Being a parent has been one of the most profound influences on my personal understanding of G-D and how he might relate to us. One of the metaphors in the Bible that is used over and over is G-D as our parent and us as his children. I don't think that I really "got" that concept very well from the perspective of a child. However, becoming a parent myself gives me a whole new way of appreciating that metaphor and how G-D might want us to relate to him.
We took my daughter to Sesame Place this past weekend. We wanted to spend time with some very dear friends who also have little children, and we thought Sesame Place would be a great place to meet up. If you don’t know, Sesame Place is a theme park in the Sea World family of parks that features the characters on Sesame Street. It is aimed at little kids ages 2-7 or so, although I think the water park part could be fun for older kids. All of the rides are kid appropriate and it is a small park so it is not completely overwhelming. There are plenty of opportunities to meet the characters and get pictures taken.
It was a great weekend, both at the park and with our friends, and while we were there I bought my daughter a toy. I had planned to buy her something, because I love buying her gifts and I wanted her to have something fun from the weekend. Her favorite Sesame Street character right now is Abby (who wears her pink and purple hair in pigtails and is a fairy godmother in training) and so I bought her a small Abby doll. My daughter was with me when we picked it out and she was so pleased and happy to get this toy.

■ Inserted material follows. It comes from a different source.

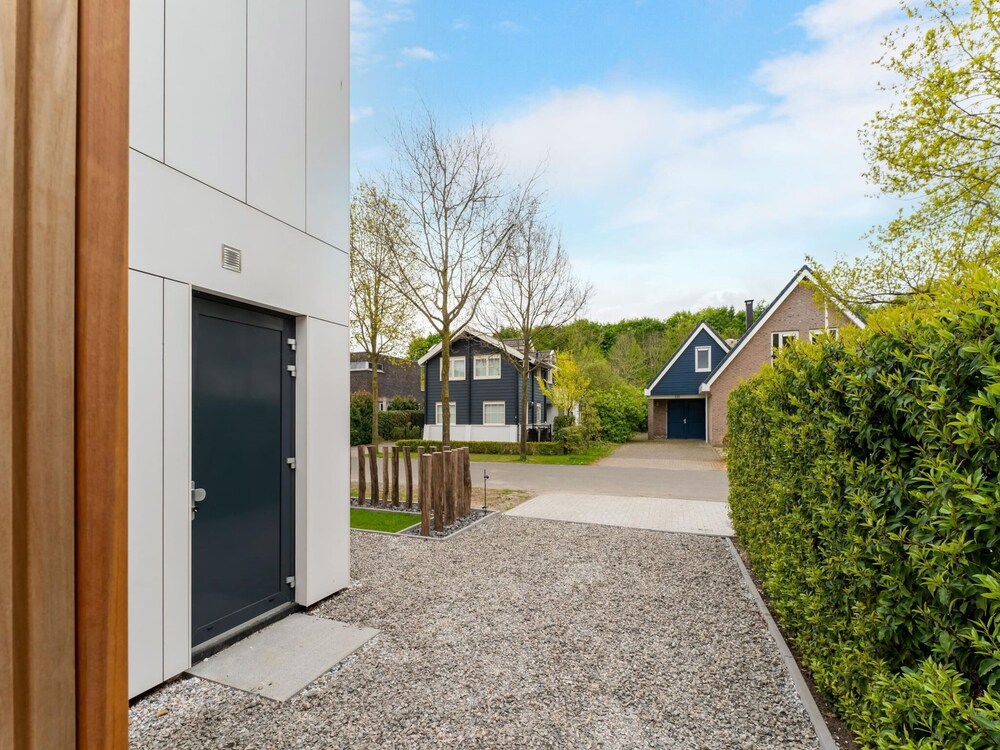 Amazing Villa in Zeewolde With Terrace view 5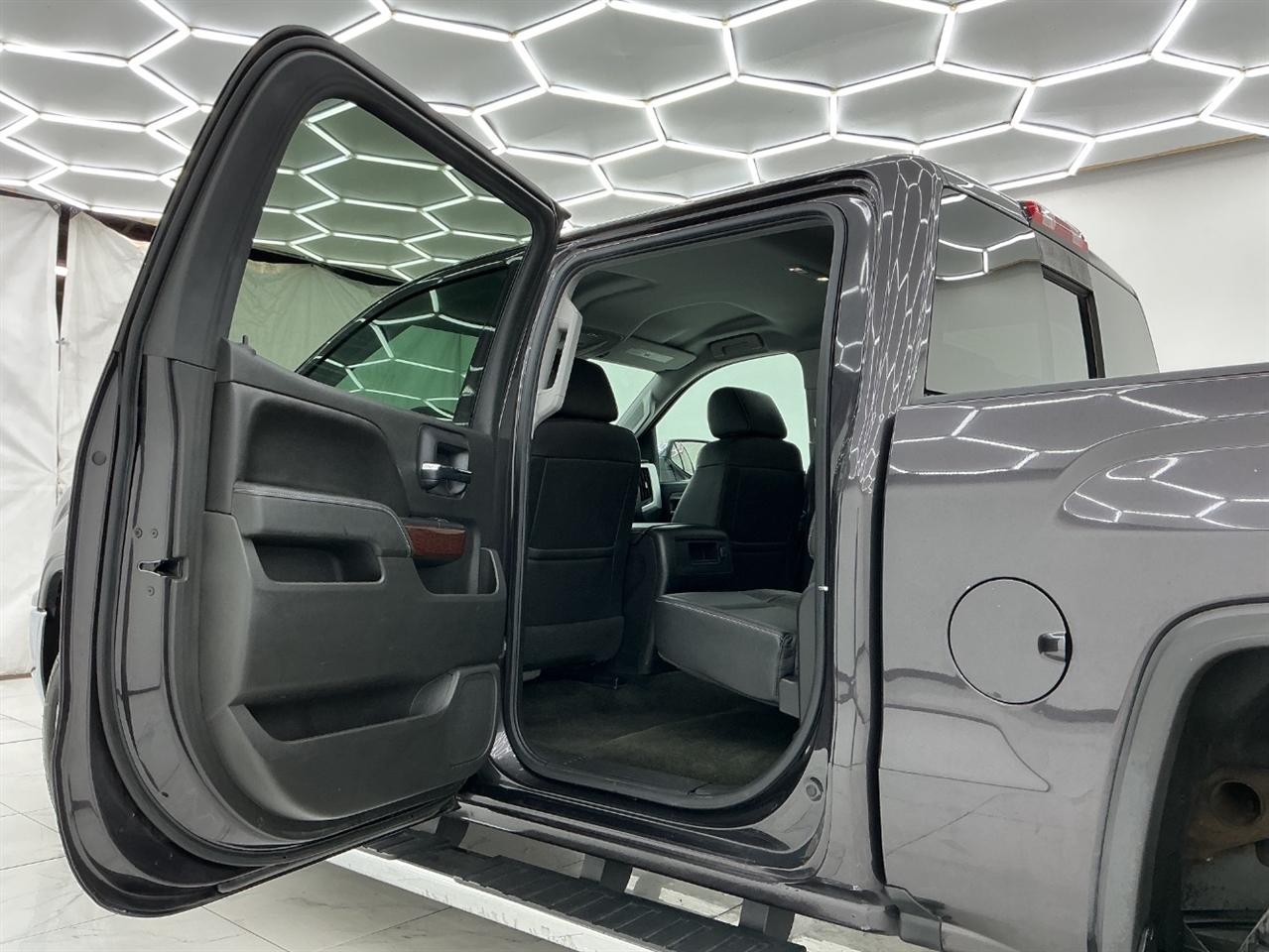 GMC Sierra 1500 4WD Crew Cab 143.5" SLT 2016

My daughter adores her Abby doll. She has played with it constantly for the past 3 days, which is a really good attention span on a toy for a 2 and a half-year old child. She has pretended she has wings to fly with Abby. She has helped Abby fly “up up up” in the sky. She has given Abby some juice from her juice cup. She has been giving Abby shoulder rides they way we give her shoulder rides. She is so un-self-conscious at this age that her delight is clearly apparent. It’s absolutely enchanting to listen to.
It’s an amazing feeling, realizing I’ve given my daughter something that makes her so happy. It’s a physical feeling of lightness in my chest and a smile on my face and a bubbling sense of happiness in my own heart, listening to her narrate her play with her new dolly. I just feel really good that I was able to give her something that pleases her so much. Her reaction is exactly what I was hoping for when I bought the doll. I feel like I hit a homerun.
And so then I was thinking about it and wondering if G-D doesn’t feel the same way about us? Does G-D grin and laugh with pleasure when he sees us enjoying the good gifts he has given? Does he feel joyful when he sees us happily using what he has provided? I don’t usually think of G-D that way. I tend to think more about using his gifts responsibly. My mental focus tends to be more on the questions of being a good steward. Am I being generous with my brothers and sisters, all of G-D’s beloved children? Am I using my talents wisely so that I am increasing what G-D has invested in me? Am I doing it right? I tend to think more in terms of economics, repaying and investing, rather than in terms of receiving and enjoying a gift.
And yet I know, as a parent, that what I want most is to see my daughter using and enjoying what I have given her. Even as a friend, what makes me happiest is when someone mentions that they use something I have given them all the time and they love it. I do think it is important to be responsible with what we are given. I do think that generosity pleases G-D and that wise stewardship is needed for all our different gifts. I think, however, that I could spend a little more time laughing and really enjoying what I have.